To identify BCLC-B HCC patients more suitable for LR.

METHODS

We included patients undergoing curative LR for BCLC stage A or B multi-nodular HCC (MNHCC) and stratified BCLC-B patients by the sum of tumor size and number (N + S). Overall survival (OS), recurrence-free survival (RFS), recur-rence-to-death survival (RTDS), recurrence patterns, and treatments after recurrence in BCLC-B patients in each subgroup were compared with those in BCLC-A patients.

RESULTS

In total, 143 patients who underwent curative LR for MNHCC with BCLC-A (n = 25) or BCLC-B (n = 118) were retrospectively analyzed. According to the N + S, patients with BCLC-B HCC were divided into two subgroups: BCLC-B1 (N + S ≤ 10, n = 83) and BCLC-B2 (N + S > 10, n = 35). Compared with BCLC-B2 patients, those with BCLC-B1 had a better OS (5-year OS rate: 67.4% vs 33.6%; P < 0.001), which was comparable to that in BCLC-A patients (5-year OS rate: 67.4% vs 74.1%; P = 0.250), and a better RFS (median RFS: 19 mo vs 7 mo; P < 0.001), which was worse than that in BCLC-A patients (median RFS: 19 mo vs 48 mo; P = 0.022). Further analysis of patients who developed recurrence showed that both BCLC-B1 and BCLC-A patients had better RTDS (median RTDS: Not reached vs 49 mo; P = 0.599), while the RTDS in BCLC-B2 patients was worse (median RTDS: 16 mo vs not reached, P < 0.001; 16 mo vs 49 mo, P = 0.042). The recurrence patterns were similar between BCLC-B1 and BCLC-A patients, but BCLC-B2 patients had a shorter recurrence time and a higher proportion of patients had recurrence with macrovascular invasion and/or extrahepatic metastasis, both of which were independent risk factors for RTDS.

CONCLUSION

BCLC-B HCC patients undergoing hepatectomy with N + S ≤ 10 had mild recurrence patterns and excellent OS similar to those in BCLC-A MNHCC patients, and LR should be considered in these patients.

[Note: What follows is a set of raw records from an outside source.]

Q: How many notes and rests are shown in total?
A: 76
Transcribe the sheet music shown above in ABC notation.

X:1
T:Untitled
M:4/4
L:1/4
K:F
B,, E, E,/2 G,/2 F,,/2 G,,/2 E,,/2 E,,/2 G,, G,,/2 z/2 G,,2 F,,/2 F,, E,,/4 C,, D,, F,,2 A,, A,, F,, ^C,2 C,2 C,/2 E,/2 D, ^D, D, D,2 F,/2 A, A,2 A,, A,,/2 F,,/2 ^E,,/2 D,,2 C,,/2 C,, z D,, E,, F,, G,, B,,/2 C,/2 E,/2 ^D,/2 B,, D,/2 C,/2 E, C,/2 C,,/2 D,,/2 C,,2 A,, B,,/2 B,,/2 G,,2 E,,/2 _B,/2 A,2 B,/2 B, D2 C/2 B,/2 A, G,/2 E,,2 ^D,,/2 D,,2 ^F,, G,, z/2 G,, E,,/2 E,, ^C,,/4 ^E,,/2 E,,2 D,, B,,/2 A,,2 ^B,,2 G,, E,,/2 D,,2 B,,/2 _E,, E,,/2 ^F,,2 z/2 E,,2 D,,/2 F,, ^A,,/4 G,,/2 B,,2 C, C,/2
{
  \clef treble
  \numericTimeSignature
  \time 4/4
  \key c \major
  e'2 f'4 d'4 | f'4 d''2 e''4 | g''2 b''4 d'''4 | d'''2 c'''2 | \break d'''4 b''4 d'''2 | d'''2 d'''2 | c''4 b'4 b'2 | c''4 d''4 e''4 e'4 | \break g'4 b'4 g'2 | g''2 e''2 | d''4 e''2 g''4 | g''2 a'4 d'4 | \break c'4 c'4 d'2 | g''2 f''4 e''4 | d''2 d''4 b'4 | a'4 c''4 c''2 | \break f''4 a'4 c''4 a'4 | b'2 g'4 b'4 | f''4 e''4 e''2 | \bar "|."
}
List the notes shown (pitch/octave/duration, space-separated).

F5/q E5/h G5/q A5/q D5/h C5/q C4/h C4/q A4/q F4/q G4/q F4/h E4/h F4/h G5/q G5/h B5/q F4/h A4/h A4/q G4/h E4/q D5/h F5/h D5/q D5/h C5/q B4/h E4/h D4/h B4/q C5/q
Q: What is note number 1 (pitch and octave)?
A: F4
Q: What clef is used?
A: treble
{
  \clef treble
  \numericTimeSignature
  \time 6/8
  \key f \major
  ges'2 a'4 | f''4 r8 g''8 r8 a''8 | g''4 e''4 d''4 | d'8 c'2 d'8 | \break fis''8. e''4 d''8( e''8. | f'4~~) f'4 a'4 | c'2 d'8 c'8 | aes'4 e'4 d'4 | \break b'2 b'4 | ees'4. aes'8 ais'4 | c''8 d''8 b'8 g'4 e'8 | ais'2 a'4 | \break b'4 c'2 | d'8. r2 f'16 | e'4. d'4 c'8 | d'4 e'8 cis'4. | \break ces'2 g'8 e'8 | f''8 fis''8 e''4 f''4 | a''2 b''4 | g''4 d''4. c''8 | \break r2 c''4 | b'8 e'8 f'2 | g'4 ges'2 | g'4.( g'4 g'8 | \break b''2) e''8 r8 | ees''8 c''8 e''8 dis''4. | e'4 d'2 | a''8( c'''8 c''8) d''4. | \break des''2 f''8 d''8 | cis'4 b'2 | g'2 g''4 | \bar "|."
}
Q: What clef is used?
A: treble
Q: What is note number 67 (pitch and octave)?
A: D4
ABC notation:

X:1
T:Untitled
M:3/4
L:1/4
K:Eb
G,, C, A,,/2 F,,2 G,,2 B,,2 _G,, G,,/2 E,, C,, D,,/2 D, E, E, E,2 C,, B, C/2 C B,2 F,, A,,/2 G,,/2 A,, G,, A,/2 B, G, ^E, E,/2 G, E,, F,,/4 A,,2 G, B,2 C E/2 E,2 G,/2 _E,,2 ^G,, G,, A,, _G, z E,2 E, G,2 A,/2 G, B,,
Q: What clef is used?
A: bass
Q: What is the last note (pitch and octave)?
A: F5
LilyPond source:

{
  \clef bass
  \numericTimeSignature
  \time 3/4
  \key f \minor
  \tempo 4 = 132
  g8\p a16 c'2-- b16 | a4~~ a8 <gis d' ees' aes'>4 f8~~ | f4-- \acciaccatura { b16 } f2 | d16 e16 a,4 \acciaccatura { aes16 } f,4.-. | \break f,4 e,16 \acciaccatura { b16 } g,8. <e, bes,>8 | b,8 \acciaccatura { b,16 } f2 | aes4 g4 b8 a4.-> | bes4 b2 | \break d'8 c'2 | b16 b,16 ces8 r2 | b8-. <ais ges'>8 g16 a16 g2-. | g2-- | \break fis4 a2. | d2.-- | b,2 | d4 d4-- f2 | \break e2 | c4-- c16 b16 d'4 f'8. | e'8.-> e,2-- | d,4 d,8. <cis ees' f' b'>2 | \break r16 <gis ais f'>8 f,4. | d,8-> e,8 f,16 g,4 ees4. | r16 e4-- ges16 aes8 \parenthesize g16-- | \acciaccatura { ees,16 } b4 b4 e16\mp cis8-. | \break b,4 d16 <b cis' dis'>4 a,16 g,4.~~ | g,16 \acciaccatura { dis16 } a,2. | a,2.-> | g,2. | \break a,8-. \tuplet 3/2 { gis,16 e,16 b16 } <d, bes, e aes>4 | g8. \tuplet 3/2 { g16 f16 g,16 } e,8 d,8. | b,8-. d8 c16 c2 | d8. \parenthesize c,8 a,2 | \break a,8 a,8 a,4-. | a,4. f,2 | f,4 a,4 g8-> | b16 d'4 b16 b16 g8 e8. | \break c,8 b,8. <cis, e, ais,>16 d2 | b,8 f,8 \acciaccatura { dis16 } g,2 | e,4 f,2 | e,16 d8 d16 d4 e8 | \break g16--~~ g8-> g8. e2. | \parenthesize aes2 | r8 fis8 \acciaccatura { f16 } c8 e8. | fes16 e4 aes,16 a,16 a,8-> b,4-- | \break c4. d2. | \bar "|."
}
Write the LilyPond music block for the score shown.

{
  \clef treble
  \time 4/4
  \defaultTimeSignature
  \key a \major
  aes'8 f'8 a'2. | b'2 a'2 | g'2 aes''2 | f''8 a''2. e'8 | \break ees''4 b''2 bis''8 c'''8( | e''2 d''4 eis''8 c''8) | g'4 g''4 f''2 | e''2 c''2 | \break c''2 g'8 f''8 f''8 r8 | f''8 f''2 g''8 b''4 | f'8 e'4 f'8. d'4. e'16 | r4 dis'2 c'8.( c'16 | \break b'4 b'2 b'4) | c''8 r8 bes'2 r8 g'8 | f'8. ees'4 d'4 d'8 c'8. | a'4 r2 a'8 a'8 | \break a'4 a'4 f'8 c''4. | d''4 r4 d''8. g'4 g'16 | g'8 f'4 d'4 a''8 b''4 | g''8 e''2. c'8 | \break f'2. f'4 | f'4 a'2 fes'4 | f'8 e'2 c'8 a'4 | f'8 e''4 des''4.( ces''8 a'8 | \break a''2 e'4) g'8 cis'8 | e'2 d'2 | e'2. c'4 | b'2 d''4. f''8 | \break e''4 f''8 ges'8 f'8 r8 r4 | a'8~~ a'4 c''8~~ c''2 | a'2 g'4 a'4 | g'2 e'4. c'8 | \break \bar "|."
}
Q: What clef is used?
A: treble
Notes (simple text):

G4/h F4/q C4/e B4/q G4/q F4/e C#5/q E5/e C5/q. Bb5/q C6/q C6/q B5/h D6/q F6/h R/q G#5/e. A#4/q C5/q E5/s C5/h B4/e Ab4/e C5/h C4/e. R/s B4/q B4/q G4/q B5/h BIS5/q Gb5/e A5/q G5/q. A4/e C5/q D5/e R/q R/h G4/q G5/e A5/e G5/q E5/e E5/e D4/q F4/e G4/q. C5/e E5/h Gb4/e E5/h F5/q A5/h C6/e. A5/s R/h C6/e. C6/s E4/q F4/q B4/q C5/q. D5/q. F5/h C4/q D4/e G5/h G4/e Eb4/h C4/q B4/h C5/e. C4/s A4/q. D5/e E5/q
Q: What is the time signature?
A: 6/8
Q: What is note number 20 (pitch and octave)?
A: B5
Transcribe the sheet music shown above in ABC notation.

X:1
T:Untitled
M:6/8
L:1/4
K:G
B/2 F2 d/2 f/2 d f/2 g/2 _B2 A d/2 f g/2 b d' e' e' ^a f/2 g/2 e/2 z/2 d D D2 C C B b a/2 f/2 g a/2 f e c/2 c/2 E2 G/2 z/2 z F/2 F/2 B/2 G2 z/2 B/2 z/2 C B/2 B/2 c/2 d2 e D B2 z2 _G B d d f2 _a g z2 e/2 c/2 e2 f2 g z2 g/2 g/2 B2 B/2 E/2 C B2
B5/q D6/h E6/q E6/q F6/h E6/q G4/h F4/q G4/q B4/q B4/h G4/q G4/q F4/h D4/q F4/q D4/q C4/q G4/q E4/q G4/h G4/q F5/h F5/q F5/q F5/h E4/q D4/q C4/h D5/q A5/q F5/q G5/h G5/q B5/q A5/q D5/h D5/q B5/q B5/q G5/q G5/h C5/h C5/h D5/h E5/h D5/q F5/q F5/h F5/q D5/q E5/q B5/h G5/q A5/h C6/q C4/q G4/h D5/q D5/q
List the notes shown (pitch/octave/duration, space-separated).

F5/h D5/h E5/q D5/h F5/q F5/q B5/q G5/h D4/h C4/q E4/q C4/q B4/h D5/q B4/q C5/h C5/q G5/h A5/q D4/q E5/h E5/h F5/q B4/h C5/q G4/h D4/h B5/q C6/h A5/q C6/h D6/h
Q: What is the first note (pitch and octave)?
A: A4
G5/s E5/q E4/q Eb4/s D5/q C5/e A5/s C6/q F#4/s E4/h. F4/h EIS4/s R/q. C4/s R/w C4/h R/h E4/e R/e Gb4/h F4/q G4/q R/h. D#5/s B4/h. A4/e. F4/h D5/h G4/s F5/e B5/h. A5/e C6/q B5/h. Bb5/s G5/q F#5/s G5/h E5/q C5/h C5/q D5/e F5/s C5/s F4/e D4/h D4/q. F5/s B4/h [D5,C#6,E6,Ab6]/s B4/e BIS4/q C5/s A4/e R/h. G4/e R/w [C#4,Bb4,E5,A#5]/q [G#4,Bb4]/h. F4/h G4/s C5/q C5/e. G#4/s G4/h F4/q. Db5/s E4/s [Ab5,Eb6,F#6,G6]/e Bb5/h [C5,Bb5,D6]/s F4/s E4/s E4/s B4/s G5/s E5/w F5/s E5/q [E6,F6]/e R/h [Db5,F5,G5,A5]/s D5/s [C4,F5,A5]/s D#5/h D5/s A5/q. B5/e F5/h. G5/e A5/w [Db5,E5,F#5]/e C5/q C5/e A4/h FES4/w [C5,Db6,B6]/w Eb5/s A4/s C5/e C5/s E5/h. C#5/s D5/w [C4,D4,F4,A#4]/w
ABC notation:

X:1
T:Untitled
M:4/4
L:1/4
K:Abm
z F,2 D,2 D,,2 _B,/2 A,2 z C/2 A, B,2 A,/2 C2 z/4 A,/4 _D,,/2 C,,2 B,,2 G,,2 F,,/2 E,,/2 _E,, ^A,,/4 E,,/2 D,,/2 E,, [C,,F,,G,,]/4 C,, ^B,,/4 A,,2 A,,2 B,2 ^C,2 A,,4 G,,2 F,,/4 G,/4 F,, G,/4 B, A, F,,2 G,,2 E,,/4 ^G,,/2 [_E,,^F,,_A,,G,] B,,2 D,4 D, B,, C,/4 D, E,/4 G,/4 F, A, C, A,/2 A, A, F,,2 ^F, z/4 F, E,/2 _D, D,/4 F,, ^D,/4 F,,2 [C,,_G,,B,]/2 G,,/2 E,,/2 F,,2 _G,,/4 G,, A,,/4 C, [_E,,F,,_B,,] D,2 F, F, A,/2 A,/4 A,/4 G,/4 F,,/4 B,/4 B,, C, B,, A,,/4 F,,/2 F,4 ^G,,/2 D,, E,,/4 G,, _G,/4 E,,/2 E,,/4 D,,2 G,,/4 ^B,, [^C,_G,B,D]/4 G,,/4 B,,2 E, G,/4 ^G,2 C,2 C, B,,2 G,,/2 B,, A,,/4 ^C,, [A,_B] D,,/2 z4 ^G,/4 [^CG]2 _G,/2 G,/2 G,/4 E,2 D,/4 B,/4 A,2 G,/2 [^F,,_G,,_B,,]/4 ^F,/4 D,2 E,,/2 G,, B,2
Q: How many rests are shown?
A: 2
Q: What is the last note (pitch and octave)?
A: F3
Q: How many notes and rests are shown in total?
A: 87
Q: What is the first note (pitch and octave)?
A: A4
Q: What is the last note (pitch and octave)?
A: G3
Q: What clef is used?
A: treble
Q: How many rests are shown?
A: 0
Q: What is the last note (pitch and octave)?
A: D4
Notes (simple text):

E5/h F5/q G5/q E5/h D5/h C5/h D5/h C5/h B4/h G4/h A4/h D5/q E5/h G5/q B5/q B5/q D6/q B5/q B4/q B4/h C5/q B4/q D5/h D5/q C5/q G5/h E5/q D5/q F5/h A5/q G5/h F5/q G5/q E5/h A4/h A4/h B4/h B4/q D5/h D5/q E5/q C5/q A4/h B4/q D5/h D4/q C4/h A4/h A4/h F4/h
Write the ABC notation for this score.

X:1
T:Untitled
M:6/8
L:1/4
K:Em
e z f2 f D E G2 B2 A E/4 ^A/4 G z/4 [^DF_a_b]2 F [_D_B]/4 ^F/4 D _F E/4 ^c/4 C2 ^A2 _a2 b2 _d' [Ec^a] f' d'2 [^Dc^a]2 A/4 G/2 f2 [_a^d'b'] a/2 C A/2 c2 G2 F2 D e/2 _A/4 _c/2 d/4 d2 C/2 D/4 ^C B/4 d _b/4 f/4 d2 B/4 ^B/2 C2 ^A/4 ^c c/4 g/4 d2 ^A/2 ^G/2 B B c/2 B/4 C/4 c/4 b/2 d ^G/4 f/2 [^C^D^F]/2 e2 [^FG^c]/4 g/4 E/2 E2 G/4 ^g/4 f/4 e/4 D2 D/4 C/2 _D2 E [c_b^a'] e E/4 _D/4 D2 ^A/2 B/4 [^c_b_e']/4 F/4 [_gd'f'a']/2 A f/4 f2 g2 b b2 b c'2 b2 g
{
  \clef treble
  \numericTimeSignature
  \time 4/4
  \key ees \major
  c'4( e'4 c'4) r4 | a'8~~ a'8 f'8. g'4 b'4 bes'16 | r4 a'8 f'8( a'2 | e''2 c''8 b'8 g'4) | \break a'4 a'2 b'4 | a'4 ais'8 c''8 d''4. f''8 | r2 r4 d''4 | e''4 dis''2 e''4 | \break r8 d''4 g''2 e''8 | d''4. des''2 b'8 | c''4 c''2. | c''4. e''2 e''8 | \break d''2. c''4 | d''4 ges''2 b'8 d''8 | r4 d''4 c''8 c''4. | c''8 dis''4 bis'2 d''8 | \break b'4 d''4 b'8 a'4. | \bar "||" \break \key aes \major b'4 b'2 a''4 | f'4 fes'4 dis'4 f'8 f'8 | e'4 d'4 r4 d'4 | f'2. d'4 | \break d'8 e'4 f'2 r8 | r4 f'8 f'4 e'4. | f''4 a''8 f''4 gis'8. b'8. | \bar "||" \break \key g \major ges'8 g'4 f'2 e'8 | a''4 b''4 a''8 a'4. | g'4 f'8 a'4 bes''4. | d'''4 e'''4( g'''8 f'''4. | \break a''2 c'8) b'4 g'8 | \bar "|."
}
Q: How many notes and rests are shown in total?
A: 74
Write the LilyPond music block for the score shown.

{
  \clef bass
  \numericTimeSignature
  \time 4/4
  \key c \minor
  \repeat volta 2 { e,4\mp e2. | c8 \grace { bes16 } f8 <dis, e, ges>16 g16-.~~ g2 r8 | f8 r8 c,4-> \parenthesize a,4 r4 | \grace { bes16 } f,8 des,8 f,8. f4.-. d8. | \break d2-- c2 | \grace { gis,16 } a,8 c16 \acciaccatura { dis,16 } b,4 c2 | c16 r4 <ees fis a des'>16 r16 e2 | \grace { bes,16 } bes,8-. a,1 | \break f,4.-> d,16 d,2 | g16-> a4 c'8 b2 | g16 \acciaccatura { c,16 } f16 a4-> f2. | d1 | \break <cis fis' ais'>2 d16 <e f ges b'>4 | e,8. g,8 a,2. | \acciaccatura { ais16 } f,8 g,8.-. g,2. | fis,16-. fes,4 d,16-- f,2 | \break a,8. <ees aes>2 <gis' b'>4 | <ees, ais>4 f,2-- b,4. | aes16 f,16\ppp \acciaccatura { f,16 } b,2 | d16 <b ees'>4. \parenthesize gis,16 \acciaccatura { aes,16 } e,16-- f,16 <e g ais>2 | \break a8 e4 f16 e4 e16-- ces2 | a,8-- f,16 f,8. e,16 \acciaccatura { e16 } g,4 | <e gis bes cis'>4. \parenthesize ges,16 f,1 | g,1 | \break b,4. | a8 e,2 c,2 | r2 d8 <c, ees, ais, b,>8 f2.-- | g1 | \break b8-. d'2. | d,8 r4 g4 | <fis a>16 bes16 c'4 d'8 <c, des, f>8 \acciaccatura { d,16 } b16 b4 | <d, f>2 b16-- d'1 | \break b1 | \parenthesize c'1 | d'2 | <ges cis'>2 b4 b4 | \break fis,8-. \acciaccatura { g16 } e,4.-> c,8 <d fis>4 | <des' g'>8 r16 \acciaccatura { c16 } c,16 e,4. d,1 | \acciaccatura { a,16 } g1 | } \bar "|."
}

Keywords: Hepatocellular carcinoma; Multinodular; Intermediate-stage; Liver resection; Recurrence pattern; Prognosis

Core Tip: Subgroups of Barcelona Clinic Liver Cancer (BCLC) intermediate-stage hepatocellular carcinoma (HCC) patients who would truly benefit from liver resection (LR) remain undefined. We demonstrated that the sum of tumor size and number (N + S) can predict not only prognosis in BCLC-B patients undergoing LR, but also the recurrence patterns and recurrence-to-death survival (RTDS) in these patients. In addition, we indicated that BCLC-B patients undergoing hepatectomy with N + S ≤ 10 had mild recurrence patterns, good RTDS and excellent overall survival similar to those in BCLC-A multinodular HCC patients. The results of this study are helpful in selecting BCLC-B patients more suitable for LR.